Le SNEPAP-FSU revendique une revalorisation statutaire pour l’ensemble des personnels, lesquels ne cessent d’être sollicités et de déployer toujours plus d’adaptation, d’implication, de compétences et de connaissances. La retouche apportée aux statuts de DIP et DFPIP en 2011 n’a pas pris en considération cette réalité. Une fusion des corps d’encadrement, sans remise à niveau préalable, pourrait avoir des conséquences fâcheuses pour les personnes issues de la filière insertion et probation.

Nos revendications s’inscrivent en outre dans une approche statutaire d’ensemble, et non corporatiste, couplées à celle des métiers et des missions : catégorie A + pour le corps d’encadrement, A pour les CPIP, B pour les personnels de surveillance.

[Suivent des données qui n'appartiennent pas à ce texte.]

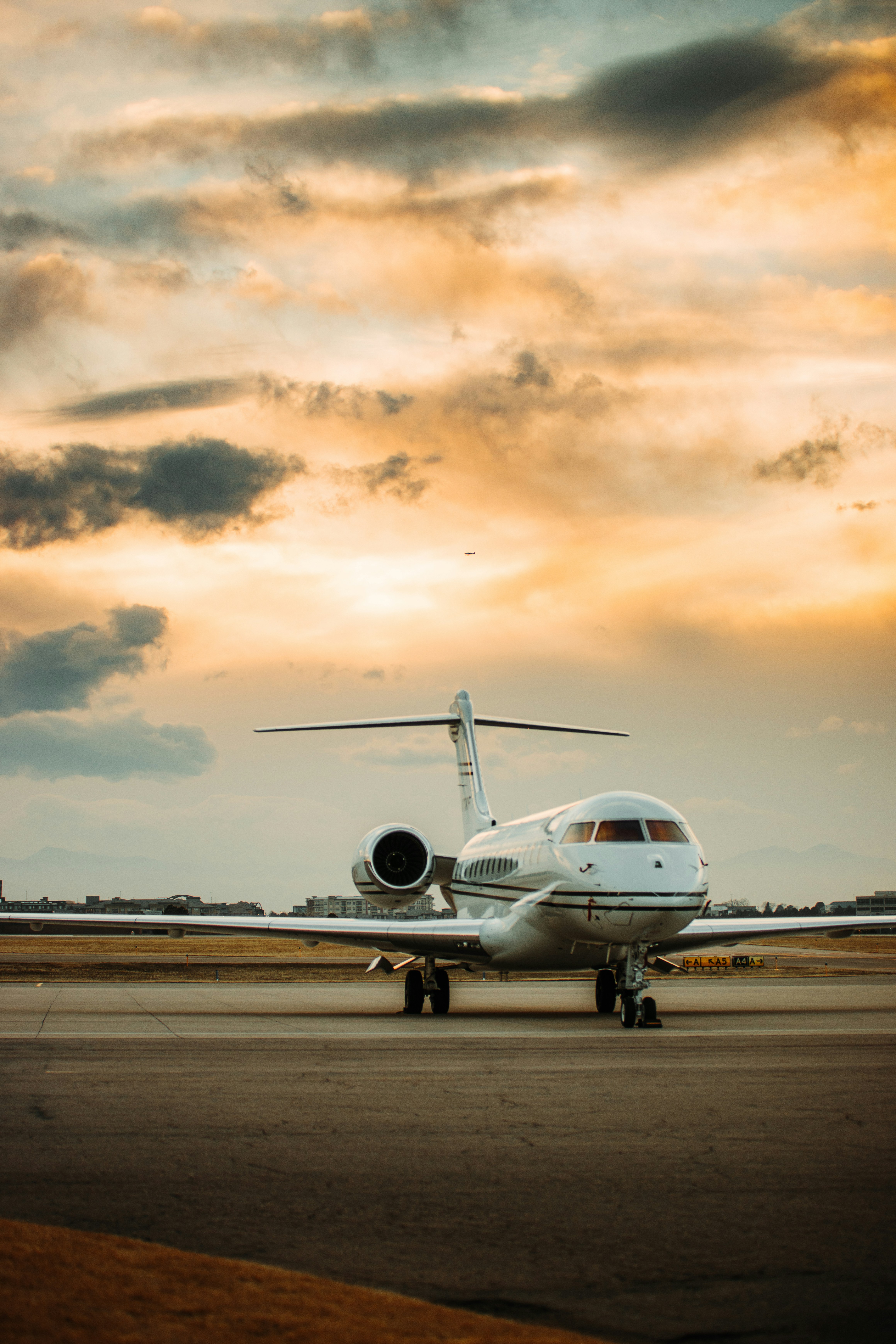 Private jet on the runway beneath a golden sunset sky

Pour le SNEPAP-FSU, le travail en cours sur les méthodes d’intervention, les relations avec les universités afin de mieux évaluer les situations et de mesurer l’impact de l’intervention pénitentiaire, va de paire avec une revalorisation des personnels et une augmentation des moyens des SPIP.

La reconnaissance sous toutes ses formes et à tous niveaux du corps d’encadrement des SPIP, qui vient pour la première fois de dépasser en nombre le corps de DSP, et des missions de nos services, doit être un préalable au débat sur la fusion des corps.

Le débat est sain, il éclaire nos esprits.

Mais il ne doit pas conduire les personnels à prendre des vessies pour des lanternes.